Multi Cable Tester

Hello, i am searching for a solution to creating a multi pin (58) cable tester that will be able to detect opens and shorts to other wires. Any analog way that I have found of doing this is for no more than 8 wire testers. So my thought is I could use a Arduino to do this. I am new to Arduino and am unsure of what, if any, Arduinos could do what I need. I would like to either have a lcd display with this to show the problem wires or have LED indicators to do the same.

If anyone has any input I would greatly appreciate some guidance.

Thank you

Pretty simple task in software but it does require some external I/O pin expansion ICs to do in a straight forward manner. You need to build a 58 bit serial in parrallel out output shift register and a 58 bit parrallel in serial out shift register. The cable would plug between the outputs and inputs of the two shift registers. Your software would shift out 58 bits with only one bit set high for each test, and read all 58 input bits and check that only the corresponding bit reads high on the inputs and all others should read low. If the one bit does not read high then there is a open path and if any other bits read high they are shorted to the first bit. Then shift out the next test of 58 bits with only the second bit set high and read the inputs again. Lather, rinse, repeat for all 58 bit positions and your test is complete. Make sense?

Lefty

retrolefty:
The cable would plug between the outputs and inputs of the two shift registers. Your software would shift out 58 bits with only one bit set high for each test, and read all 58 input bits and check that only the corresponding bit reads high on the inputs and all others should read low.

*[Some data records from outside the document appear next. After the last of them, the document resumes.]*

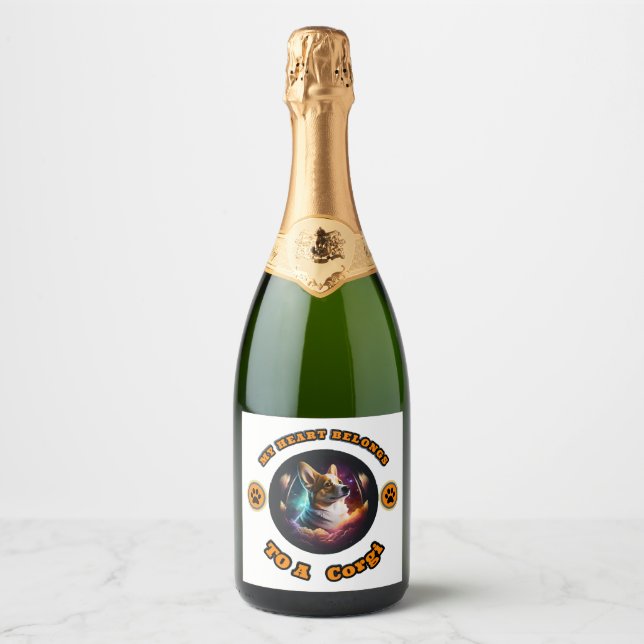 My Heart Belongs To A Corgi Sparkling Wine Label (Front)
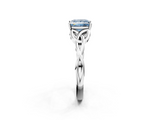 White gold Fancy Blue Princess  Solitaire Celtic Knot Engagement Ring with Four-Prong Setting_63
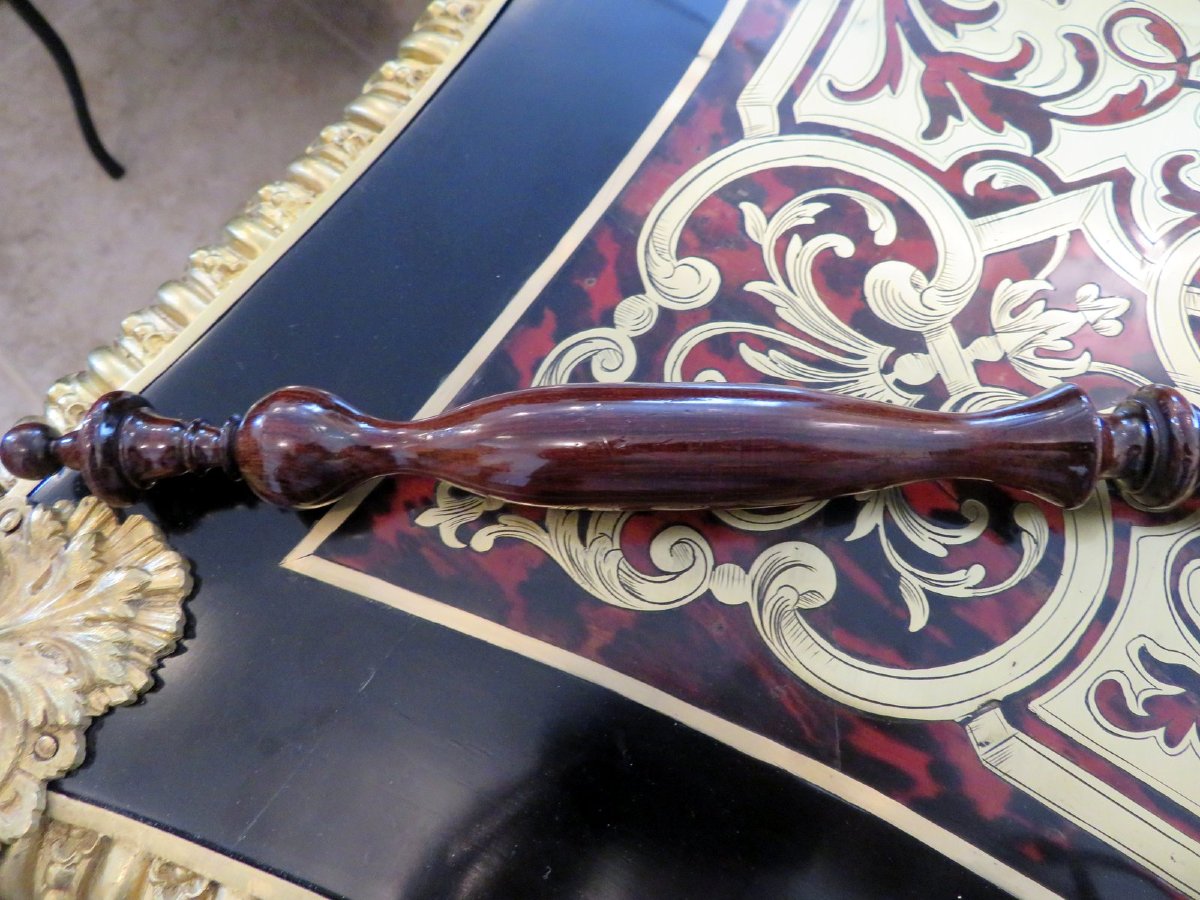  Little Brooms Chimney In Boulle Marquetry Napoleon III Period 19th  -photo-4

In addition to testing each cable individually, shouldn't you be testing some multiple combination of bits set to guard against cross talk and noise? You don't want to test all 2^59 combinations, but I would think you would want to test some of the combinations.

MichaelMeissner:

retrolefty:
The cable would plug between the outputs and inputs of the two shift registers. Your software would shift out 58 bits with only one bit set high for each test, and read all 58 input bits and check that only the corresponding bit reads high on the inputs and all others should read low.

In addition to testing each cable individually, shouldn't you be testing some multiple combination of bits set to guard against cross talk and noise? You don't want to test all 2^59 combinations, but I would think you would want to test some of the combinations.

Well he only stated a need for detecting good continuity for each conductor and no shorts to any other conductors. Cross talk and noise are going to be inherent with the cable.connector material used and anyway would require AC testing and analysis and not something needing to be tested for a simple pass/fail of the basic wiring connector/conductor after construction or possible damage testing after cable use. I do think you need to test all possible combinations and it will proceed a lot faster then you think, it's a 16 Mhz micro for darn sakes. :wink:

By the way it's one cable with 58 conductors, not 58 cables.

Lefty

Hello Michael Meissner and Lefty,

Would be a great help if you can share program for this.

Thanks in advance

I would use TPIC6C595 as the output shift registers, with 74HC165 as the input shift registers with pullup resistors on their inputs. Pull one line low at a time and make sure only 1 low at a time is received.
Then if there are shorts, only open drain outputs are being pulled low, and not an active high output fighting against active low outputs which will yield inconclusive results.
You will need 8 of each type, a 0.1uF power pin decoupling cap for each device, and a pullup resistor for each pin. Individual resistors are cheap, or a bussed resistor network can be used to save space.

Connect pin 16 to +5V, the rest to 74HC165 inputs.

@CrossRoads, be aware that this thread is 4 years old.